**WHAT IS NEEDED**:
Once the line containing "Không nên yêu bạn Chương 1-23" is reached in the listing below, reproduce it and all later lines through the final one exactly, but omit any pictures.

[[ WORKING DATA open ]]

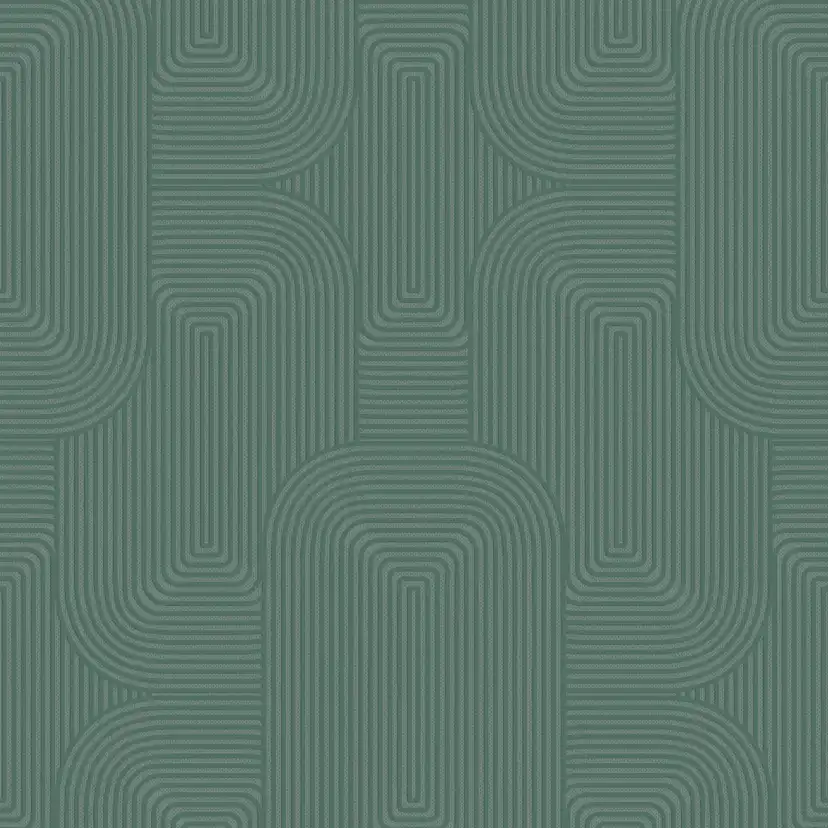 Tapet Superfresco Easy Geo Rreen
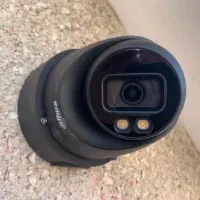 دوربین مداربسته وارم لایت با قاببلیت تشخیص چهره|دوربین مداربسته|سیرجان, |دیوار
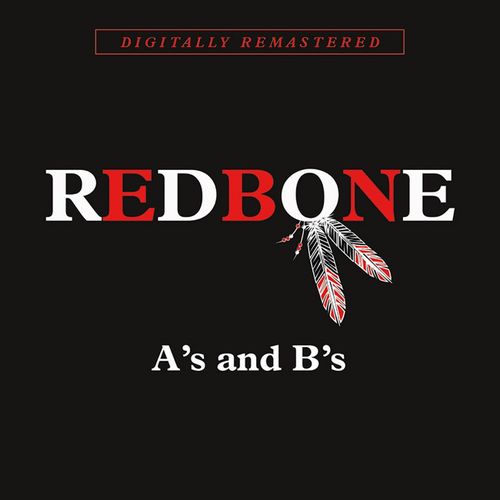 REDBONE / レッドボーン / A'S AND B'S (2CD)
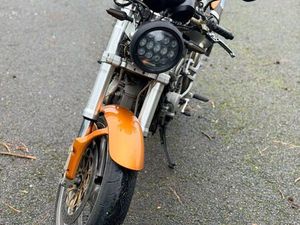 DUCATI MONSTER 620IE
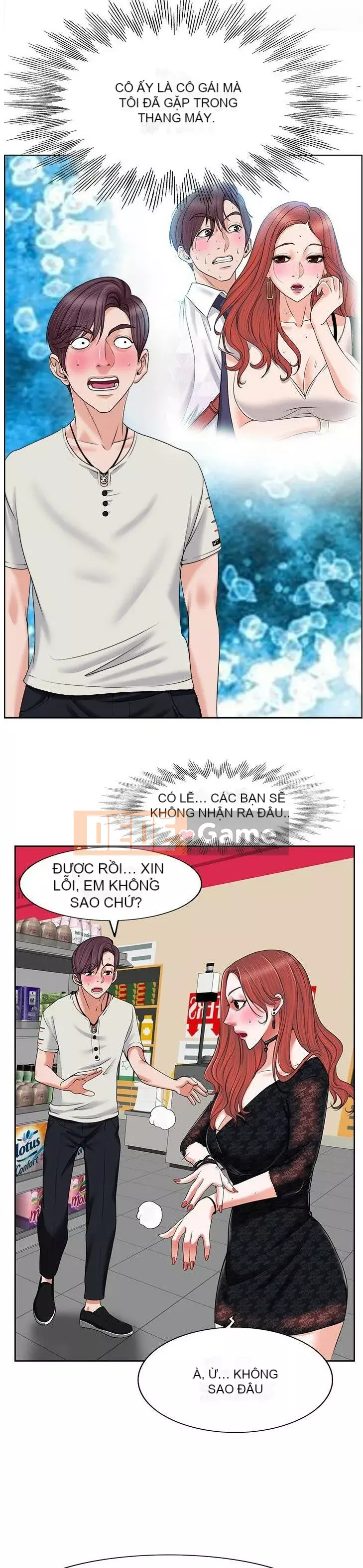 Không nên yêu bạn Chương 1-23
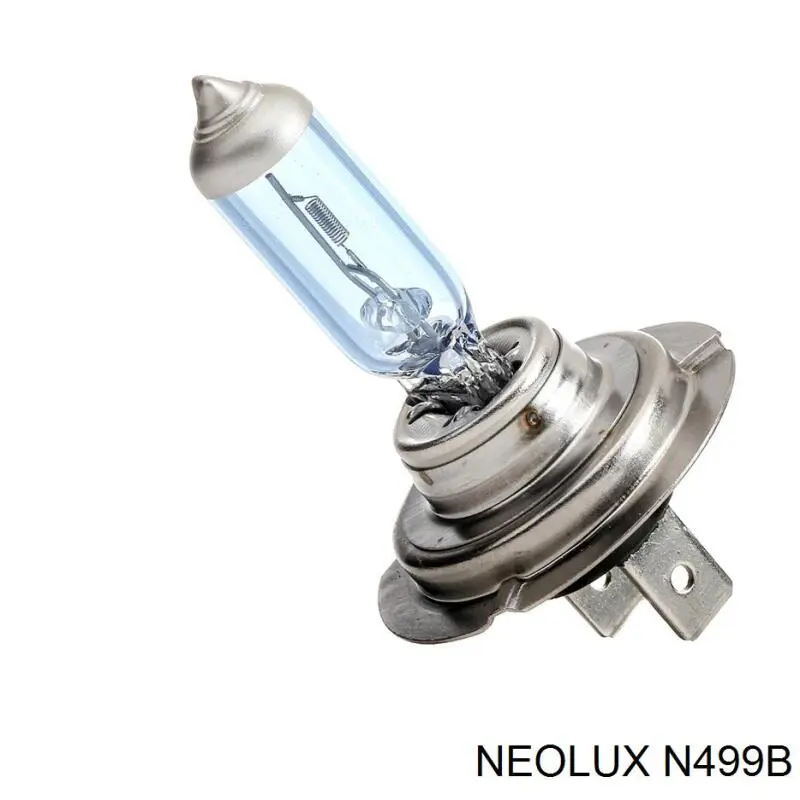 Лампочка ближнего света Neolux N499B цена, от 3.83 USD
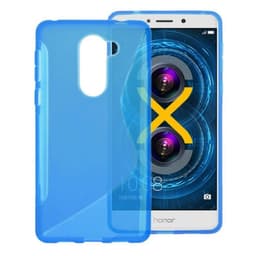 S Line silikondeksel Huawei Mate 9 Lite (BBL_L23)  - Blå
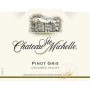 Chateau Ste. Michelle Pinot Gris 2008 Front Label
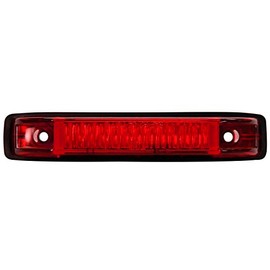 Blazer International C535R LED Rectangular Clearance/Side Marker Light, Red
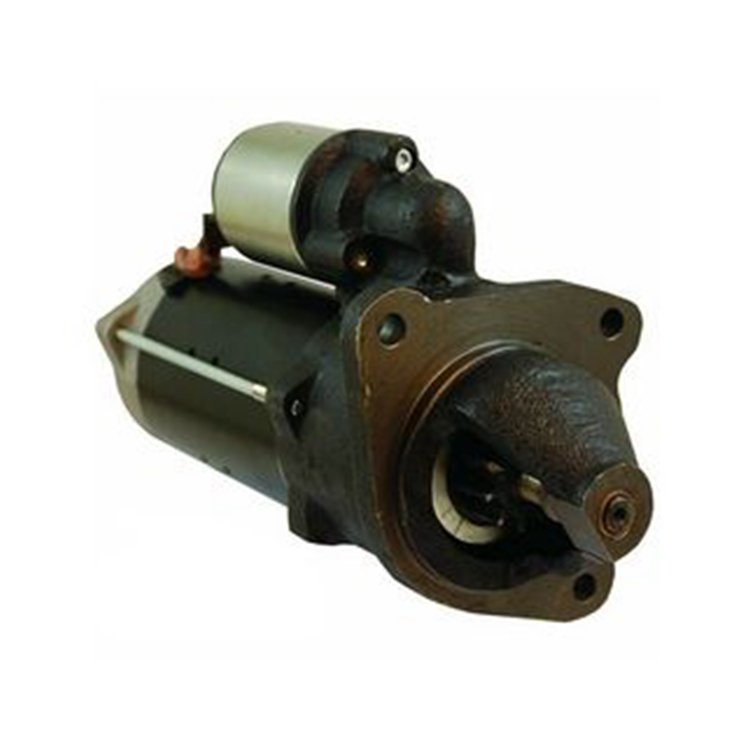 Starter Motor 87755550 82021372 82014160 for Ford New Holland TS100 TS110 TS115 TS90 TM115 TM120 TM125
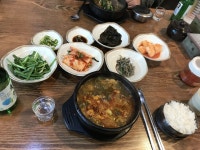 금일 노가다인 아점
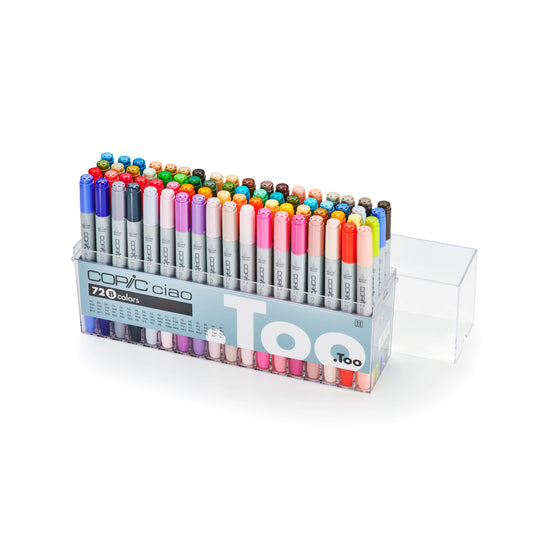 Copic Ciao 36 Colori Luminosi – Copic Italia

[[ WORKING DATA closed ]]

**EXERCISE ANSWER**:
 Không nên yêu bạn Chương 1-23
 Лампочка ближнего света Neolux N499B цена, от 3.83 USD
 S Line silikondeksel Huawei Mate 9 Lite (BBL_L23)  - Blå
 Chateau Ste. Michelle Pinot Gris 2008 Front Label
 Blazer International C535R LED Rectangular Clearance/Side Marker Light, Red
 Starter Motor 87755550 82021372 82014160 for Ford New Holland TS100 TS110 TS115 TS90 TM115 TM120 TM125
 금일 노가다인 아점
 Copic Ciao 36 Colori Luminosi – Copic Italia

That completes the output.